In Germany, the struggling Social Democrats are embarking on a similar path. They have officially broken with the pro-market Hartzreforms put in place by social-democratic chancellor Gerhard Schröder some 14 years ago. Party leader Andrea Nahles now calls for an expansion of the welfare-state, for raising the minimum wage and for increasing basic pensions for poorer retirees. Meanwhile in France, what remains of the battered Parti Socialiste is forging an alliance with Place Publique, a new movement with the objective of countering “outrageous economic liberalism”. And in Spain the socialist government of Pedro Sanchez has used its short time in office to force through the largest increase in the country’s minimum wage in 40 years.

Generally, rank and file party members across the continent enthusiastically welcome these steps – and it is not hard to see why. Many feel inspired by the apparent public appeal of self-proclaimed socialists such as Jeremy Corbyn in the UK or Alexandria Ocasio-Cortez in the US. After years of pragmatic concessions, they crave the straightforwardness of authentic ideological purity.

Economic centrism, it is argued, has not only alienated traditional left-wing supporters but it has also fueled the rise of Europe’s populists. In light of growing economic disparities, tackling inequality has become the order of the day for any left-wing movement attempting to recapture public support.

All of this makes perfect sense. So far, however, the plan does not seem to be working. In Germany, the ideological shift boosted public support for the center-left by about 2 percent– for two short weeks only – in Italy by 1.3 percent. In France, total support for the Parti Socialisteremains in the single digits, while the Spanish prime minister is likely to be ousted by a rightwing alliance in snap elections next month.

These facts point at a truth that is hard to digest for Europe’s left: enthusiasm for the socialist turn in economics seems widespread within center-left parties but is largely absent beyond its ever-shrinking circle of supporters. 

To truly turn the tide, Europe’s progressives will need to combine progressive economics with convincing answers to the cultural issues that have driven a wedge between Europe’s workers and European labour and workers’ parties. Among other things, this will mean confronting widespread blue-collar concern about irregular immigration, asylum and integration.

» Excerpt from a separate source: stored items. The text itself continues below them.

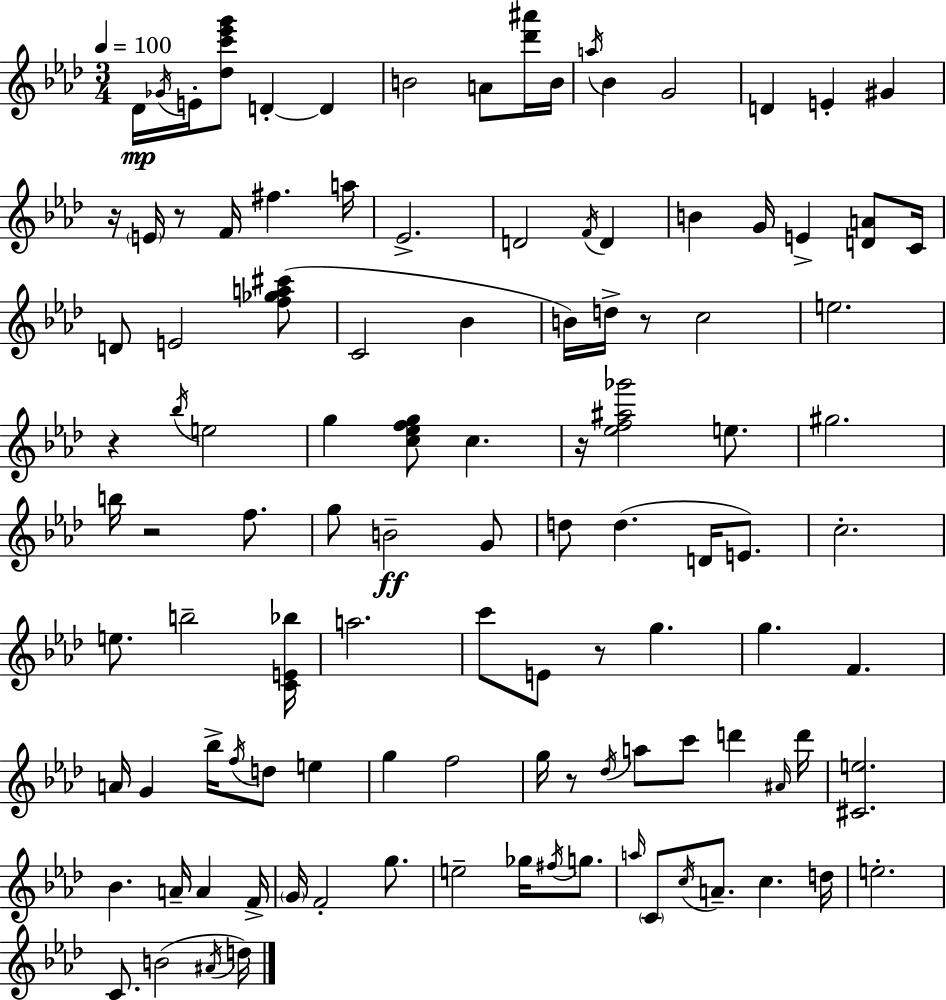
{
  \clef treble
  \numericTimeSignature
  \time 3/4
  \key aes \major
  \tempo 4 = 100
  des'16\mp \acciaccatura { ges'16 } e'16-. <des'' c''' ees''' g'''>8 d'4-.~~ d'4 | b'2 a'8 <des''' ais'''>16 | b'16 \acciaccatura { a''16 } bes'4 g'2 | d'4 e'4-. gis'4 | \break r16 \parenthesize e'16 r8 f'16 fis''4. | a''16 ees'2.-> | d'2 \acciaccatura { f'16 } d'4 | b'4 g'16 e'4-> | \break <d' a'>8 c'16 d'8 e'2 | <f'' ges'' a'' cis'''>8( c'2 bes'4 | b'16) d''16-> r8 c''2 | e''2. | \break r4 \acciaccatura { bes''16 } e''2 | g''4 <c'' ees'' f'' g''>8 c''4. | r16 <ees'' f'' ais'' ges'''>2 | e''8. gis''2. | \break b''16 r2 | f''8. g''8 b'2--\ff | g'8 d''8 d''4.( | d'16 e'8.) c''2.-. | \break e''8. b''2-- | <c' e' bes''>16 a''2. | c'''8 e'8 r8 g''4. | g''4. f'4. | \break a'16 g'4 bes''16-> \acciaccatura { f''16 } d''8 | e''4 g''4 f''2 | g''16 r8 \acciaccatura { des''16 } a''8 c'''8 | d'''4 \grace { ais'16 } d'''16 <cis' e''>2. | \break bes'4. | a'16-- a'4 f'16-> \parenthesize g'16 f'2-. | g''8. e''2-- | ges''16 \acciaccatura { fis''16 } g''8. \grace { a''16 } \parenthesize c'8 \acciaccatura { c''16 } | \break a'8.-- c''4. d''16 e''2.-. | c'8. | b'2( \acciaccatura { ais'16 } d''16) \bar "|."
}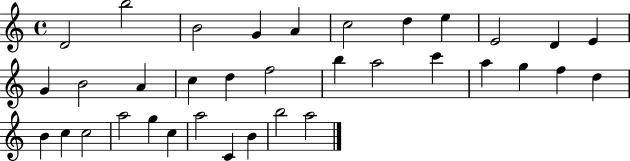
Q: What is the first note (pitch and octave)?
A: D4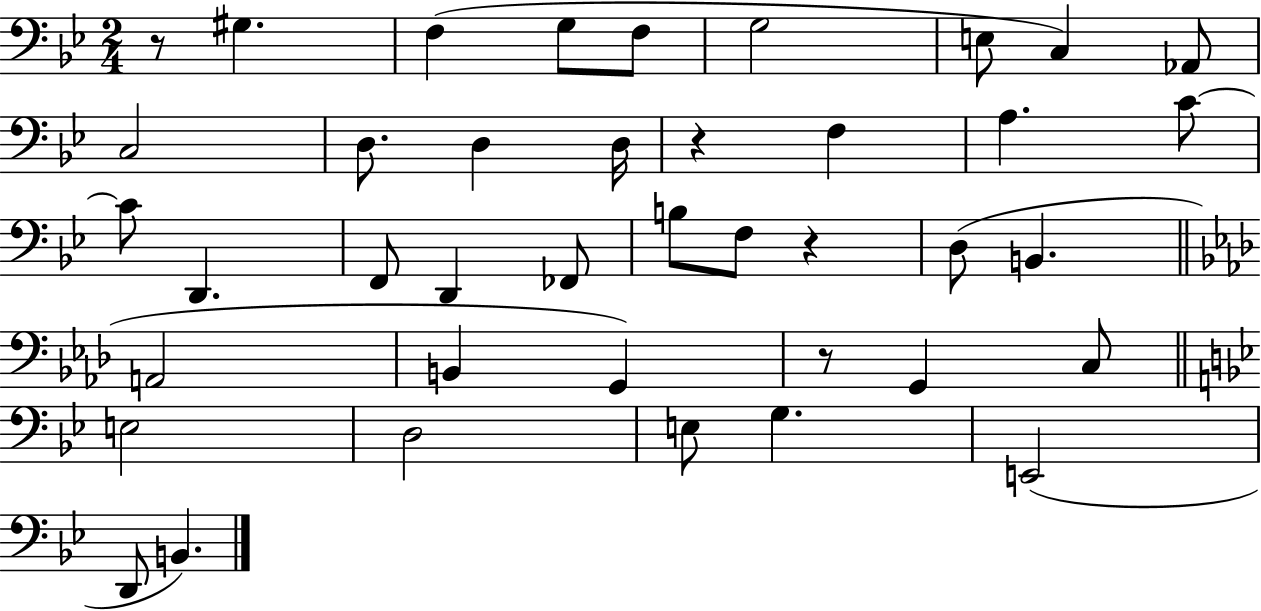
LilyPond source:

{
  \clef bass
  \numericTimeSignature
  \time 2/4
  \key bes \major
  r8 gis4. | f4( g8 f8 | g2 | e8 c4) aes,8 | \break c2 | d8. d4 d16 | r4 f4 | a4. c'8~~ | \break c'8 d,4. | f,8 d,4 fes,8 | b8 f8 r4 | d8( b,4. | \break \bar "||" \break \key aes \major a,2 | b,4 g,4) | r8 g,4 c8 | \bar "||" \break \key bes \major e2 | d2 | e8 g4. | e,2( | \break d,8 b,4.) | \bar "|."
}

Here, the case of the Danish Social Democrats (Socialdemokraterne) offers valuable insights. The party is currently in opposition but at the end of last month supported a “paradigm shift” bill aimed at limiting the number of refugees who stay in Denmark indefinitely, with the clear objective of defusing this toxic issue in advance of upcoming elections. Already last year, the party adopted a more critical stance on unregulated migration by proposing the establishment of extraterritorial reception centres to decide on asylum claims and a new party platform to tackle “unacceptable parallel societies”. At the same time, the party committed to humanitarian responsibilities by calling for stronger cooperation with the United Nations and for a ‘Marshall Plan’ for Africa. 

Pro-immigration groups in Denmark and some progressives abroad criticized these steps as ”legitimizing the far right”. Danish voters, however, seem to disagree. In fact, the Social Democrats have a good chance of ousting the current center-right government in elections in June, while the populist-right Danish People’s Party is at its lowest support level since November 2016. 

Clearly, the lesson for Europe’s center-left is not to simply copy the xenophobic rhetoric of Europe’s populist right. Progressive European parties, however, should take the case of Denmark as a reminder not to misread their voters’ priorities. At a time when politics is defined not only by economic but also by cultural and identity issues, the center-left needs to seek to address the concerns of all voters – and not just select parts of the electorate. Addressing widespread cultural and economic concerns could prove to be the key to Europe’s center-left coming back into the heart of European politics.